Several months ago in this column, I criticised Nationwide for a series of problems - and particularly for its refusal to rule out introducing current account charges. I hoped it would make a New Year resolution to restore the gleam to its halo. Sadly, the plea has gone unheeded.

Just this week, Nationwide was fined £1m by the Financial Services Authority, for failings related to a curious affair last summer. A burglar stole a laptop from one of its employees and it then took more than three weeks for executives to realise the computer contained sensitive and confidential information about customers.

Both Nationwide and the FSA refuse to say exactly what the information included - the laptop has never been recovered and they are concerned that criminals might try to use the data - but given the large fine, it was clearly pretty serious.
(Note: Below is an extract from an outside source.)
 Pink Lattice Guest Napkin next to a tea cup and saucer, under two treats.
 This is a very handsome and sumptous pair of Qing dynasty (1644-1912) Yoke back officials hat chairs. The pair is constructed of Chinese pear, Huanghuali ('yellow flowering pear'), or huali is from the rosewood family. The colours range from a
It's another black mark for Nationwide, but at least executives could claim this is a one-off case they can make sure never happens again by overhauling systems and procedures.

That is not the case with the disgraceful approach that Nationwide has taken with customers who have had the nerve to challenge it on rip-off unauthorised overdraft charges.

Regular readers of Save & Spend will know that all current account providers are facing thousands of demands from customer for refunds of these fees, which can be as high as £30 a day. The challenges follow a judgement last year by the Office of Fair Trading that similar charges in the credit card sector were illegal, a ruling that is expected to be extended to the banking sector any day now.

In the absence of the formal OFT ruling, however, many customers have threatened to take their current account providers to court over the charges, at which stage the banks have usually caved in and refunded the fees.

Nationwide is refunding charges in such cases too. But it also seems to be leading a fightback by the banks, often closing the accounts of customers who take it to court.

Nationwide's argument is that it is simply closing the accounts of customers with whom its relationship has irrevocably broken down. I'd put it another way. It looks increasingly likely that the OFT will rule that Nationwide has been breaking the law with its overdraft fees. Its customers have understandably said they want their money back. Nationwide, having been caught out, has then had a big tantrum and taken its ball home.

The society is not alone in closing disgruntled customers' accounts - many of its rivals are doing exactly the same. But Nationwide is alone in running a holier-than-thou advertising campaign based on a claim that it behaves much more fairly than its rivals. Too many of its customers are discovering that Nationwide isn't always as different as it claims to be proud to be.

n n n Nationwide's behaviour is particularly disappointing because it is the flagship of the mutually-owned building society sector. But we shouldn't tar all mutuals with the same brush - elsewhere, societies are continuing to prove that their status can deliver real benefits for members.

The Britannia Building Society, for example, this week it announced it would return £51m in profits to customers through its membership reward scheme - the average windfall is £56.

It's a good example of how societies should be operating in the interests of their customers - and why people should choose them, all other things being equal, in preference to the biggest banks. Let's hope Nationwide returns to the fold sooner rather than later.